Sequoia Crosswhite and the power of kindness
RAPID CITY – Some people are born into a dissonant reality, where all the critically important aspects and distinctions of identity run counter to the accepted norm. These people are often marginalized, often begin life in poverty, in a dysfunctional family, and when they don’t look or act like they are supposed to, gatekeepers abound from all directions, to force them to comply.
Any person who overcomes all these roadblocks does so through dint of intelligence, character, skill and passion. They turn all the lemons into lemonade, all the disadvantages into a foundation of life experience that authenticates their actions and perspective. Sequoia Crosswhite epitomizes that person.
Enrolled at Cheyenne River, Crosswhite was raised in Rapid City, and is currently a Lakota language and culture instructor at Canyon Lake Elementary. In addition to being a natural born educator and mentor, he is an accomplished musician, on several instruments, but as a traditional flute player, he has few rivals.
“As a young child,” Crosswhite said, “my mother got in trouble for drugs, and I ended up in a foster home for a little bit of time. My mother always said, I had two records in the state. One, I’m the only child that got to spend time with his mother in Yankton prison, and I’m the only kid that’s ever been kicked out of Head Start program in Rapid City. I was probably about four or five, and my dad was working in Wyoming, and I was missing my dad, and missing my dog, and I just waited for the teacher to leave, because it was supposed to be nap time, and they found me three miles from the place and I was yelling for my dad and my dog.”

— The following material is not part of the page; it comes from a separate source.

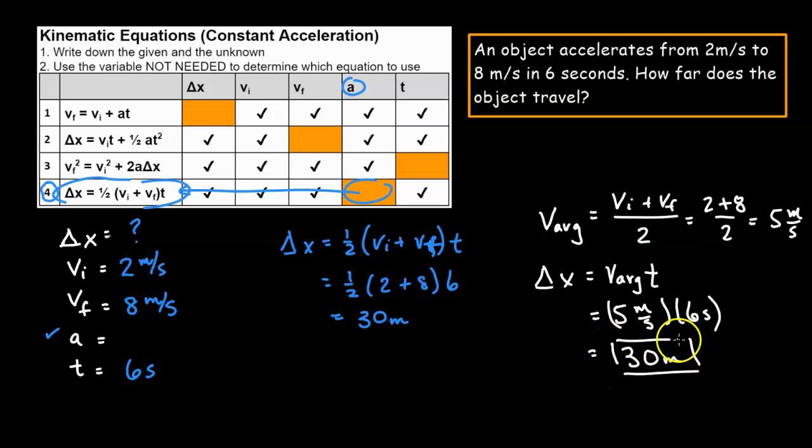On AP Physics 1, a lot of times it's not super mathematical — it is very conceptual. However, I do think that being able to work through these problems mathematically is a step toward being able to answer some of the more conceptual questions on AP Physics 1.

There was little stability in Crosswhite’s formative years: “I went to five different elementaries because my mom moved around. While in high school I ended up going down the wrong path, was in a gang. I didn’t want to contribute to that life style any more so I changed. I had already been doing cultural presentations since I was about 17, so I was doing them and presenting flute and grass dancing and stuff and then I moved to New York, pursuing music, and met with some pretty big name people, and got the advice, got the experience of what this city is like and how expensive it is to live out there, and so I moved back to Rapid City and enrolled at OLC (Oglala Lakota College).”

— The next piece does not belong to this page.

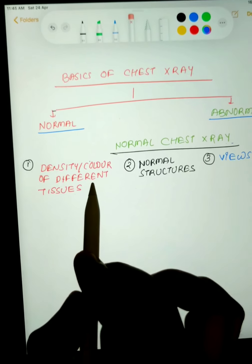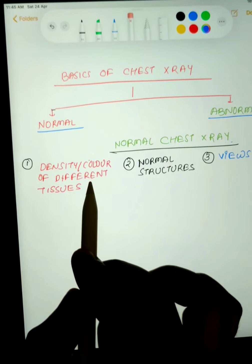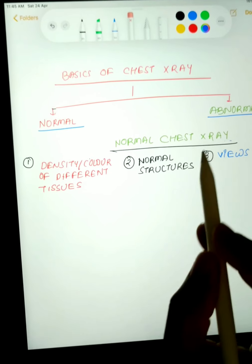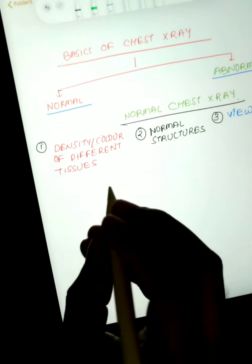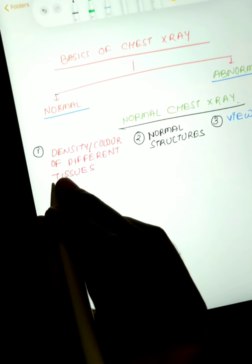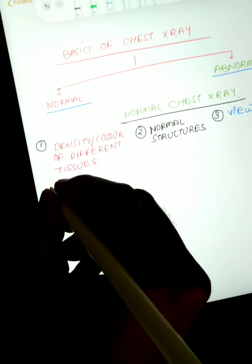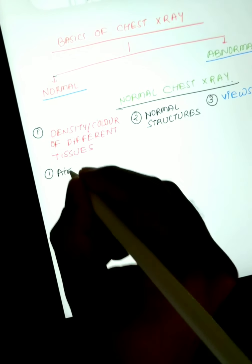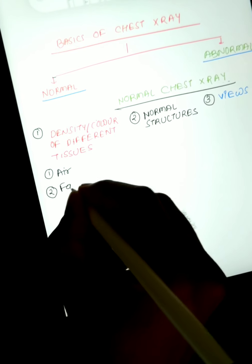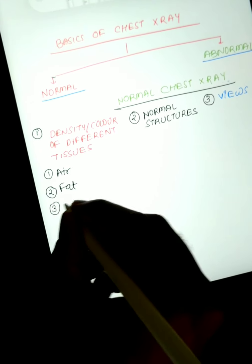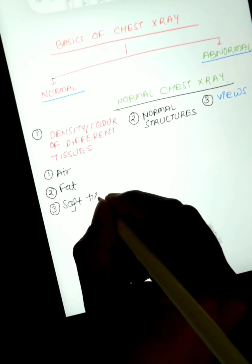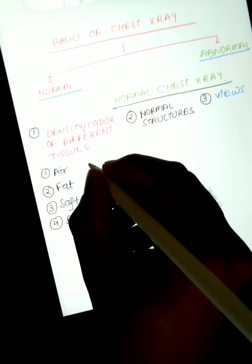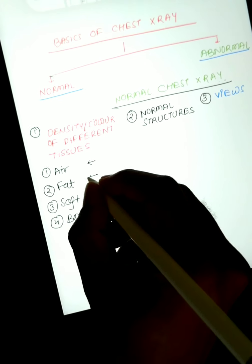In a normal chest X-ray, we will look at three things: first, the density or color of different tissues. There are four densities on a normal chest X-ray — first is air density, second is fat, third is soft tissue, and fourth is bone.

Once he got the proper teaching credentials, Crosswhite began to teach students about the Lakota culture from the perspective of a person with an intimate knowledge of both, in particular an understanding of the traditional perspective before the Lakota entered the reservation era.

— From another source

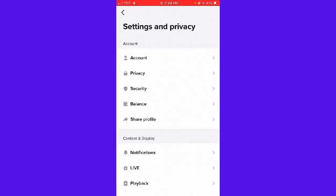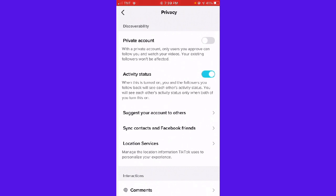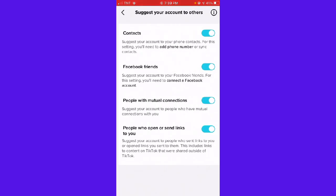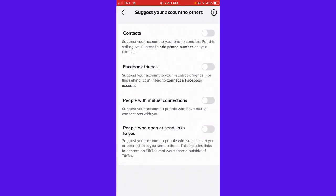After that, just go ahead and click Privacy. Then here you can see 'Suggest your account to others,' so just go ahead and click that and turn all of these switches off if you don't want TikTok to suggest your account to others.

“I know how the Old Ones were,” Crosswhite said, “and how they acknowledged other people’s culture, and so I always try to acknowledge other cultures as we go through our different events that happened during our year, with holidays and things like that, so kids get more of a world view of things, but still within the Lakota view.”
Eight years out of high school, Crosswhite got his Lakota Language certificate: “I go that because I was working in tourism, doing presentations at different museums, and I figured I needed to have something as a back-up. I got my Associates Degree the next year after that, and there was an opening at Children’s Home Society, and they were looking for a cultural nations advisor, somebody who could be an intermediary. I worked at Children’s Home for 14 years, and while I was a certified language teacher, it really wasn’t qualifications to be a teacher, so I pursued my Bachelor’s degree in Lakota Studies.”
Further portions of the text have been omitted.